As anyone in the industry already knows, cannabis professionals have long struggled to gain access to banking and other financial services for their businesses. AB (Assembly Bill) 1525, signed last Tuesday by Gov. Newsom, removes any penalties previously imposed on banks for working with legal cannabis companies.
In his signing statement on the banking bill, Newsom directed state cannabis regulators to establish rules meant to protect the privacy of marijuana businesses that seek financial services, urging that data be kept confidential and is used only “for the provision of financial services to support licensees.”
“This bill has the potential to increase the provisions of financial services to the legal cannabis industry,” Newsom wrote in a signing statement, “and for that reason, I support it.”
Very Little Help
Newsom isn’t not wrong, this bill definitely has that potential, but it remains only that until cannabis becomes legal at the federal level. Regardless of state laws, banks, which are federal entities, have been hesitant to work with cannabis clients because the plant’s Schedule 1 status.
For reference, a Schedule 1 narcotic is categorized that way because there is a “high risk of abuse and no recognized medical value.” Despite the decades of research in other countries or the fact that medical cannabis is accepted in 33 states already. It’s also worth mentioning Cocaine, which has some anesthetic properties but is known for its high propensity for abuse, is categorized as Schedule II. Alcohol and tobacco aren’t scheduled at all. Yes, it’s the ultimate hypocrisy.

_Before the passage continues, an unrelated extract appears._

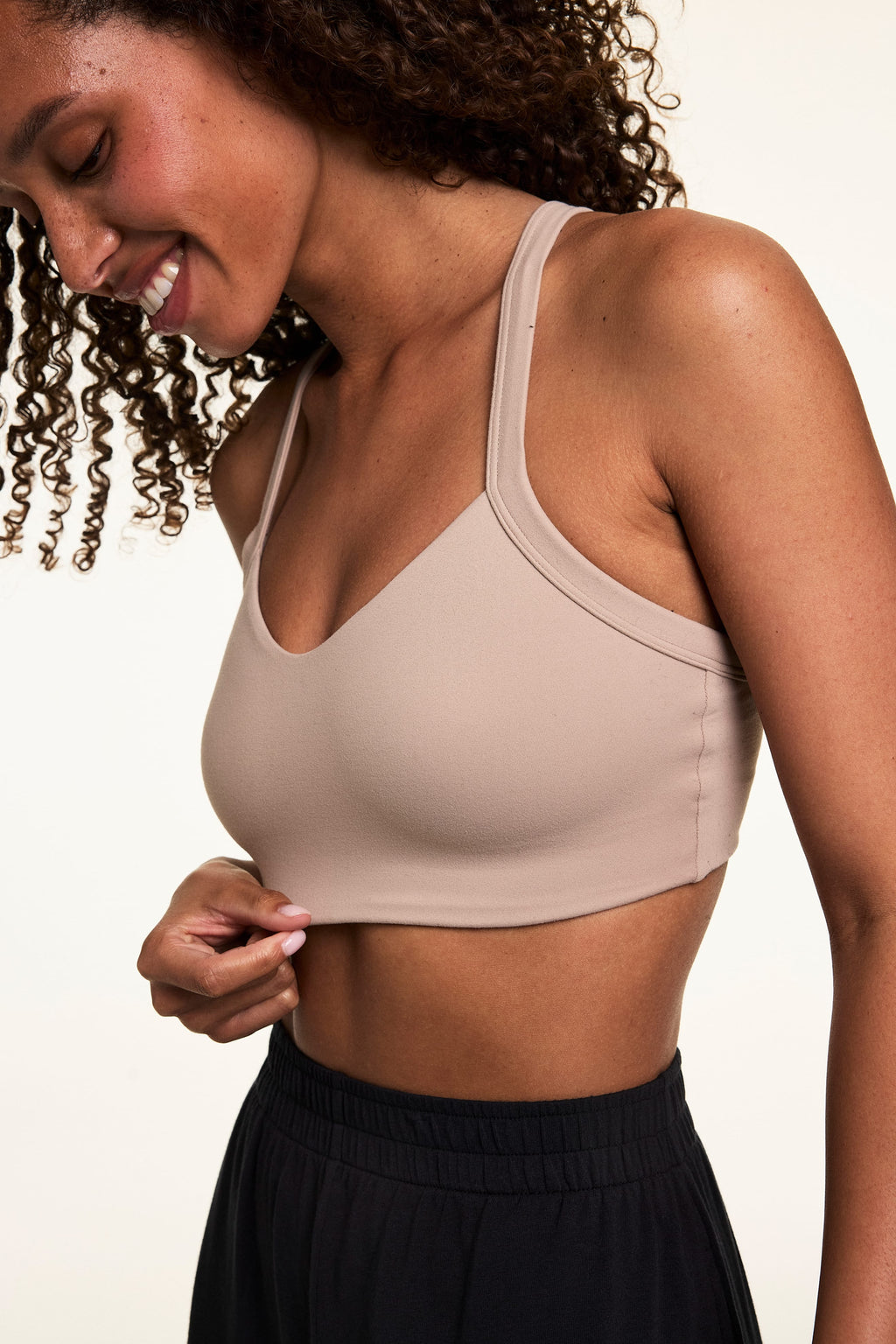 WhippedKnit™ V-Neck Bralette - Mushroom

But regardless of our opinions on the subject, the takeaway here is that, with cannabis being a Schedule 1 narcotic, exchanging money for a cannabis business put banks at risk of getting charged with federal money laundering.

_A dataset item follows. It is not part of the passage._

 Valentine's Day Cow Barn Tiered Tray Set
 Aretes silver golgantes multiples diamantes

“Until cannabis itself is taken off the dangerous substances list, and the DEA is no longer willing to seek forfeitures for anybody dealing with this substance, the majority of banks are still going to stay away” says Chris Garcia, buyer for Berkeley dispensary Hi Fidelity.
The Cole Memorandum
In 2013, the Cole Memorandum was issued U.S. Deputy General James Cole. This was to deprioritize the enforcement of these types of laws against state-licensed and completely legal cannabis businesses. In 2014, The Financial Crimes Enforcement Network (FinCEN), a bureau of the Department of the Treasury, issued guidance on how banks could work with cannabis businesses.
However, in 2018 then-Attorney General Jeff Sessions, a known opposer of any type of cannabis reform, revoked the Cole Memorandum. Although FinCEN state that the established cannabis industry guidelines will remain in effect, most banks are aware of and uncomfortable working in that financial grey area.
The cannabis companies that do choose to operate within it have to submit extensive reporting and pay astronomical fees, and even then, most financial institutions will only work with large, well-established companies. According to Tom DiGiovanni, CFO at Harborside Collective, there are roughly 60 U.S. finance companies that actively work with the cannabis industry.
FinCEN reports that as of September 2019, 563 banks and 160 credit unions provided some form of banking services to marijuana-related businesses; although how much service they are willing to provide is incredibly variable.